7. The main question to be determined is whether the complaint filed by the respondent under section 138 of the Act is within the period prescribed by section 142(b) of the Act. Before adverting to the above said question in detail it would be necessary to notice that the Banking, Public Financial Institutions and Negotiable Instruments Laws (Amendment) Act, 1988 (No.VI of 1988) inserted Chapter XVII, comprising of five sections, namely, sections 138 to 142 w.e.f. April 1, 1989. As is reflected from the preamble to the Amendment Act, the provisions were incorporated with a view to enhance the acceptability of the cheques in settlement of the liabilities by making the drawer liable for penalties in case of bouncing of a cheque due to insufficiency of funds in the account or for the reason that it exceeds the arrangement made by the drawer, with adequate safeguards to prevent harassment of honest drawers. Sections 138 and 142 of the Act, which are material to the controversy in question, read as follows :-

"Dishonor of cheques for insufficiency, etc., of funds in the account.

138. Where any cheque drawn by a person on an account maintained by him with a banker for payment of any amount of money to another person from out of that account for the discharge, in whole or in part of any debt or other liability, is returned by the bank unpaid, either because of the amount of money standing to the credit of that account is insufficient to honour the cheque or that it exceeds the amount arranged to be paid from that account by an agreement made with that bank, such person shall be deemed to have committed an offence and shall, without prejudice to any other provision of this Act, be punished with imprisonment for a term which may extend to one year, or with fine which may extend to twice the amount of the cheque, or with both :

Provided that nothing contained in this section shall apply unless -
(a) the cheque has been presented to the bank within a period of six months from the date on which it is drawn or within the period of its validity, whichever is earlier;
(b) the payee or the holder in due course of the cheque, as the case may be, makes a demand for the payment of the said amount of money by giving a notice, in writing, to the drawer of the cheque, within fifteen days of the receipt of information by him from the bank regarding the return of the cheque as unpaid; and
(c) the drawee of such cheque fails to make the payment of the said amount of money to the payee or, as the case may be, to the holder in due course of the cheque, within fifteen days of the receipt of the said notice.
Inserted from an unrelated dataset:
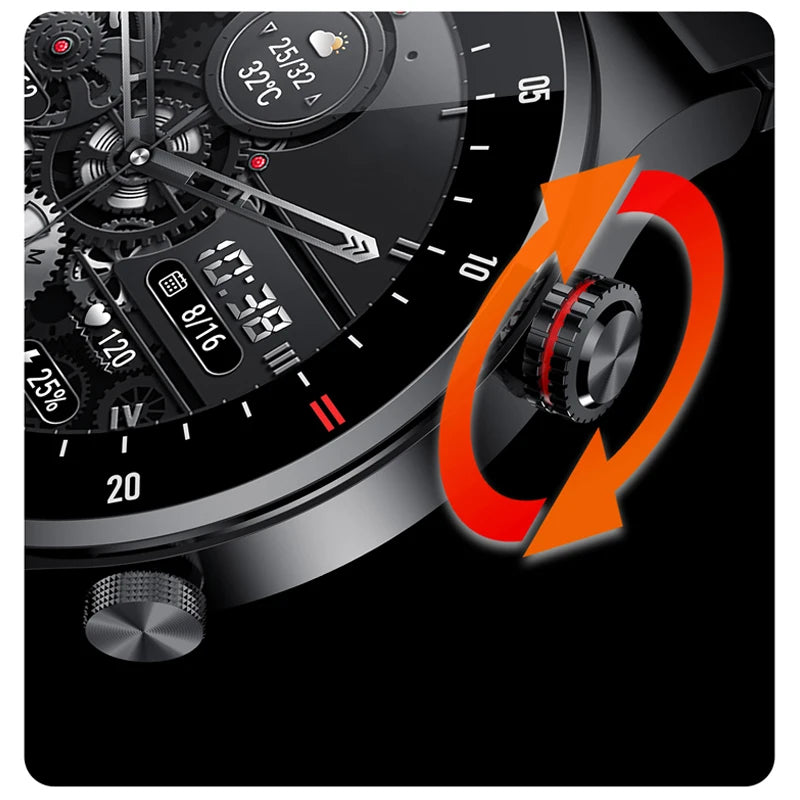 Montre Connectée Homme ChiBear – 1,28" GPS, ECG+PPG, Appel BT, Cardio, 100+ Sports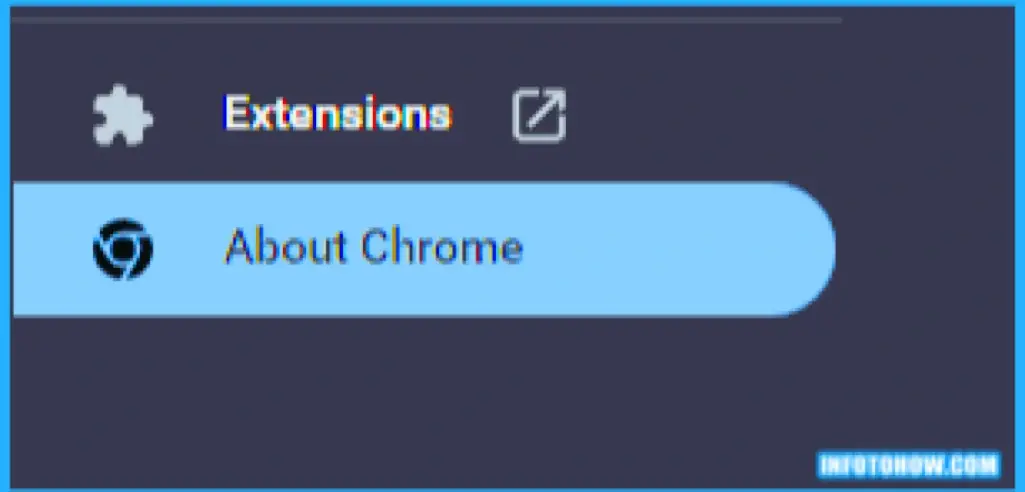 Selecting “About Chrome”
Explanation: For the purpose of this section, "debt or other liability" means a legally enforceable debt or other liability."

Cognizance of offences.

142. Notwithstanding anything contained in the Code of Criminal Procedure, 1973 (2 1974)-

(a) no court shall take cognizance of any offence punishable under section 138 except upon a complaint, in writing, made by the payee or, as the case may be, the holder in due course of the cheque;
(b) such complaint is made within one month of the date on which the cause of action arises under clause (c) of the proviso to section 138;
(c) no court inferior to that of a Metropolitan Magistrate or a Judicial Magistrate of the first class shall try any offence punishable under section 138."

8. Thus, for the application of the above said sections it must be shown that -

1. The cheque was issued for the discharge of the whole or part of a debt or liability.

2. The cheque was presented within six months of the date on which it was drawn or within the period of its validity, whichever was earlier.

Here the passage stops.